(Stored items from a collection)
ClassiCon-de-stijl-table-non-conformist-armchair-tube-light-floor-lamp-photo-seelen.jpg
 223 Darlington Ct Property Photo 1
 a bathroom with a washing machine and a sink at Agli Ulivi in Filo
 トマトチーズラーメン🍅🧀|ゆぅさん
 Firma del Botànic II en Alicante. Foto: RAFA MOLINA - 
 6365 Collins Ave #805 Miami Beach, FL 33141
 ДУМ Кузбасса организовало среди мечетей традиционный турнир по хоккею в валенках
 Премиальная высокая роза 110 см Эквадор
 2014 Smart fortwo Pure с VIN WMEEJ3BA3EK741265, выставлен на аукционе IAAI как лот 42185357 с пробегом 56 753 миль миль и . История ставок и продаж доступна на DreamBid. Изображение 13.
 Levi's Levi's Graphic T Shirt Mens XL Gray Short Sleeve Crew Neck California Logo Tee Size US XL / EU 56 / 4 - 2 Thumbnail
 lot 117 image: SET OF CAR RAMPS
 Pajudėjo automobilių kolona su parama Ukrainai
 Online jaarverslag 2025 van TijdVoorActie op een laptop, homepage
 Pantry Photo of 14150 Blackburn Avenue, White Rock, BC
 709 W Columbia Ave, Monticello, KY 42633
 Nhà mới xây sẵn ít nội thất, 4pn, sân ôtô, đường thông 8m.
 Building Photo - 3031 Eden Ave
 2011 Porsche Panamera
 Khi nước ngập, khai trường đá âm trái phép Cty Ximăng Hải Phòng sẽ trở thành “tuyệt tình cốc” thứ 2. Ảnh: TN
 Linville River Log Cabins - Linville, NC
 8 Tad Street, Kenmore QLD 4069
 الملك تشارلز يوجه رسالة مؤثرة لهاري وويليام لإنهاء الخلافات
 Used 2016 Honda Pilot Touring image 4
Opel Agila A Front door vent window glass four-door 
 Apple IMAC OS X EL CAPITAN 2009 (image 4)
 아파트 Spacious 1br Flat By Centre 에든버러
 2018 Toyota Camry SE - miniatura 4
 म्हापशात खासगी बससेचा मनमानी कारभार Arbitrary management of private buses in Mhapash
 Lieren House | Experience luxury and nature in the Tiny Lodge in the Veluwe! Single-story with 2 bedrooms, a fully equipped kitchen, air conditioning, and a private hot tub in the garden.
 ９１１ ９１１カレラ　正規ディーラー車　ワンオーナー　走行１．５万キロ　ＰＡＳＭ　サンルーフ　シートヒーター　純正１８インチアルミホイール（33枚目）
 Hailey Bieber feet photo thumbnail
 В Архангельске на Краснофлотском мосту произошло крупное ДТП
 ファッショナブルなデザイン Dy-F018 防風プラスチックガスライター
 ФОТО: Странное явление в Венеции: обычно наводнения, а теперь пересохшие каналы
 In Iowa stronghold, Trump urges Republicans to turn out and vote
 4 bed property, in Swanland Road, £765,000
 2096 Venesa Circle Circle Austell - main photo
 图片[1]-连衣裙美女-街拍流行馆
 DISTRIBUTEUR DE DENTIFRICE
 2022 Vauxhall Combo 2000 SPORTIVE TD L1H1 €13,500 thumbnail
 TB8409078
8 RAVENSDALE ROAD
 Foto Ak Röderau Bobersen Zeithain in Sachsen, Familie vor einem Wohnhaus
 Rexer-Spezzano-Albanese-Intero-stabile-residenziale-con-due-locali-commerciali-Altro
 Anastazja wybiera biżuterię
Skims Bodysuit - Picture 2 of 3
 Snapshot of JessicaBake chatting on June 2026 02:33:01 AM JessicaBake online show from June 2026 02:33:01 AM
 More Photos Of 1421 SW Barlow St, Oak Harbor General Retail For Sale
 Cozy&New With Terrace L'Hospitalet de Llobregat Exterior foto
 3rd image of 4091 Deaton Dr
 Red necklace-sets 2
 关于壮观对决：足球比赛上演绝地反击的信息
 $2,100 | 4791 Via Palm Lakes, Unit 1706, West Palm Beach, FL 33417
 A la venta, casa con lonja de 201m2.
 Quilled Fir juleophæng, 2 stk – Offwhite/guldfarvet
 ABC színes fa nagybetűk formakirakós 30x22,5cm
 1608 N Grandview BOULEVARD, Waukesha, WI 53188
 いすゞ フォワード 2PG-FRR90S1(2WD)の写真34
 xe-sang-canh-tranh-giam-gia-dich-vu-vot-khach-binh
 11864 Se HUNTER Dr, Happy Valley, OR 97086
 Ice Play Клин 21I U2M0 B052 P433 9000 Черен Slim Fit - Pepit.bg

| WHAT YOU NEED TO DO |
Please reproduce the lines from the line with "Foto Ak Röderau" to the line with "ABC színes fa", both ends included, exactly as they appear above.

| ANSWER TO THIS PROBLEM |
 Foto Ak Röderau Bobersen Zeithain in Sachsen, Familie vor einem Wohnhaus
 Rexer-Spezzano-Albanese-Intero-stabile-residenziale-con-due-locali-commerciali-Altro
 Anastazja wybiera biżuterię
Skims Bodysuit - Picture 2 of 3
 Snapshot of JessicaBake chatting on June 2026 02:33:01 AM JessicaBake online show from June 2026 02:33:01 AM
 More Photos Of 1421 SW Barlow St, Oak Harbor General Retail For Sale
 Cozy&New With Terrace L'Hospitalet de Llobregat Exterior foto
 3rd image of 4091 Deaton Dr
 Red necklace-sets 2
 关于壮观对决：足球比赛上演绝地反击的信息
 $2,100 | 4791 Via Palm Lakes, Unit 1706, West Palm Beach, FL 33417
 A la venta, casa con lonja de 201m2.
 Quilled Fir juleophæng, 2 stk – Offwhite/guldfarvet
 ABC színes fa nagybetűk formakirakós 30x22,5cm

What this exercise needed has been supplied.